Gentil señor que has
conseguido traerme las flores de la última ovación, que haces vivir en mí el
deseo de un beso más porque siempre sabe a poco, que intentas que la facilidad
ocupe nuestras conversaciones salvando las distancias de la línea telefónica
como si habláramos frente a frente mientras apoyamos nuestras mejillas en la
almohada. Sólo pido que ya no haya engaños porque soy actriz y me he cansado de
fingir. Gentil, gentil señor, recíbame entre sus brazos porque sólo en ese
rincón sentiré la felicidad que tanto he perseguido en balnearios, hoteles de
cinco estrellas y bastidores de teatro.
Gentil señor que
derrocha buen humor cuando no parece darse cuenta de que todo el fingimiento ha
saltado por los aires, que agarra con firmeza, pero sin fuerza, la copa de
cristal que contiene el brindis que toda mujer le gustaría beber. En sus
regalos de despedida en el ajetreo laboral siempre parece haber una disculpa y,
al final, un enredo idiota está a punto de echar por la borda todo lo que hemos
conseguido. La noche está enganchada a tu traje de etiqueta mientras el día se
instala en mi sonrisa enamorada. Gentil, gentil señor, manténgame esa complicidad,
esa broma compartida, esa risa que ya no suena sola, que ya se abre en la
medianoche sin descansar hasta el alba.
Gentil, gentil señor de nombre Cary Grant, que destila tanta clase que acaba por ser deseable cuando hace el ganso en un baile escocés inolvidable, que ofrece su brazo a Ingrid Bergman para dejar que el encanto se apodere de una comedia pequeña de elegancia probada, que juega con la mirada para sólo encontrar acomodo en la de ella, como tratando de recordar un tiempo en el que estuvieron encadenados convertido ya en pura indiscreción.
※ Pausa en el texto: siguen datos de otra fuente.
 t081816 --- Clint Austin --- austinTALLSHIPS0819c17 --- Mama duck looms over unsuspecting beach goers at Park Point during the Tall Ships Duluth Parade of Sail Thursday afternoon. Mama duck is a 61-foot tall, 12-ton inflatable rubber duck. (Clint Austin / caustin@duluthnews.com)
Stanley Donen fue el casamentero. Y, al terminar, sólo podemos agachar la cabeza, sonreír levemente y estar seguros de que hemos visto algo muy cercano a la perfección, más allá del lujo, más allá del vacío de unas vidas que estaban al borde de la irrelevancia. Gentil, gentil señor, ofrézcame su brazo para pasear a la orilla del río, a salvo de miradas atrevidas e incómodas. Dígame, una vez más, esa mentira que le pone a resguardo del sentimiento más desatado y luego calle y piérdase en esa conversación eterna de silencio clamoroso. Yo prometo ser buena chica y no montar ninguna escena para que luzcan menos los brillantes y más sus ojos.